Liquibase 4.0 Parsing Logic

The current portion of the Liquibase 4.0 code that is under construction is the changelog parsing. I’ve finished the first pass implementing it and documenting what I’ve done and looking for a code review and/or suggestions.

Previously, in Liquibase 4.0:

I re-implemented the Liquibase 3 Change/Statement/Generator classes, along with the snapshot logic and any other external-system-interacting data in a new Action/ActionLogic class layout. 

The idea is that we have Action classes like CreateTableAction or DropColumnsAction which describe what you want to do, and then ActionLogic classes like CreateLableLogic and DropColumnsLogic that know how to apply that action to a given database. 

These Action classes for the most part follow the old Change and Statement classes, but were changed to be more consistent in naming and layout plus support affecting multiple objects at the same time (like creating multiple columns in one statement) for improved performance. 

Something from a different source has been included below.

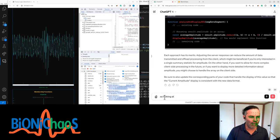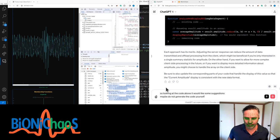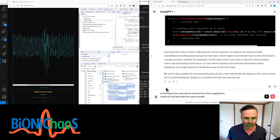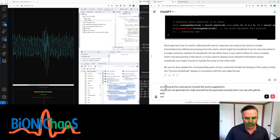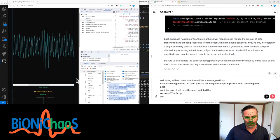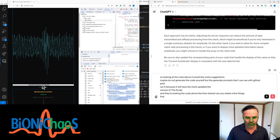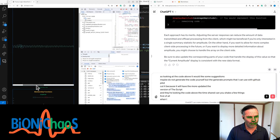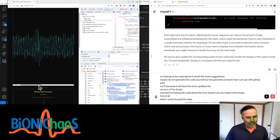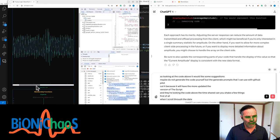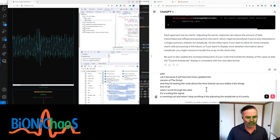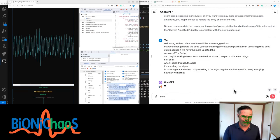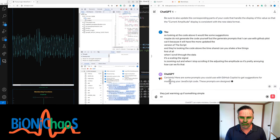So looking at the code above, I would like some suggestions. Maybe do not generate the code yourself, but generate prompts that I can use with GitHub Copilot because it will have the more updated version of the script. Now, looking at the code above that I shared, can you check a few things? First of all, when I scroll through the data, it's scaling the signal. It's zooming out, and when I stop scrolling it, it's adjusting the amplitude. So it's pretty annoying. How can we fix that? Just warming up with something simple.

Changelog Parsing Requirements

These Action classes can be created and ran directly, like I do in testing, but the main use is creating them from changelog files. We need a way to take various changelog formats (xml, sql, json, yaml) and create an object structure describing the ChangeLog, ChangeSets and the Actions to run as part of a ChangeSet.

In 3.x, the parsing code was relatively XML-specific and there was duplication between the XML parsing and other parsers. We also ran into problems where functionality was in one parser but not another, for example formatted SQL parser was missing changelog parameter functionality.

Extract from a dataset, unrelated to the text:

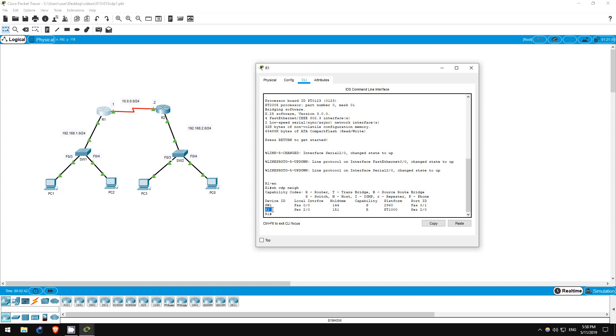It's connected to switch1 via the FastEthernet00 interface, which we already learned from switch1. It's connected to R2 by its Serial20 interface, and it's connected to R2's Serial20 interface as well.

The parsing logic needs to be extendable, so additional parsers can be created and standard parser logic can be adjusted.

Changelog Parsing Process

There are 4 stages to the parsing process:

  1. PARSE: For a given file, find the best Parser plugin implementation that supports it. The job of the Parser is to convert the text of the file into a ParsedNode object structure with no translation business logic in it. Just a direct mapping from the text format to a structured/tokenized representation of it.
  1. PREPROCESS: The ParsedNode structure created by the parser is ran through all the Preprocessor plugins configured. The job of the preprocessors is to massage the original ParsedNode into something closer to the final object structure (in this case ChangeLog and it’s ChangeSets and Actions.
  1. MAPPING: Once all the Preprocessors have ran, the best Mapping plugins is found for the given target object and it’s sub-fields and that class is used to translate the ParsedNode structure into the final object. There should be little to no business logic in this class, it’s job is to simply direct-map the ParsedNode structure into an object structure. 
  1. POSTPROCESSING: After the object mapping is done, there is a step for any final fixup that needs to be done in the completed objects.

Process Details

As mentioned, the Parser and Mapping have little to no logic in them beyond straight mapping. Instead, all the “I know what the user means” logic needs to go into the Preprocessors. Examples include:

  • if you specify catalogName, schemaName and tableName, you actually mean a “table” node with a name and schema sub-nodes. 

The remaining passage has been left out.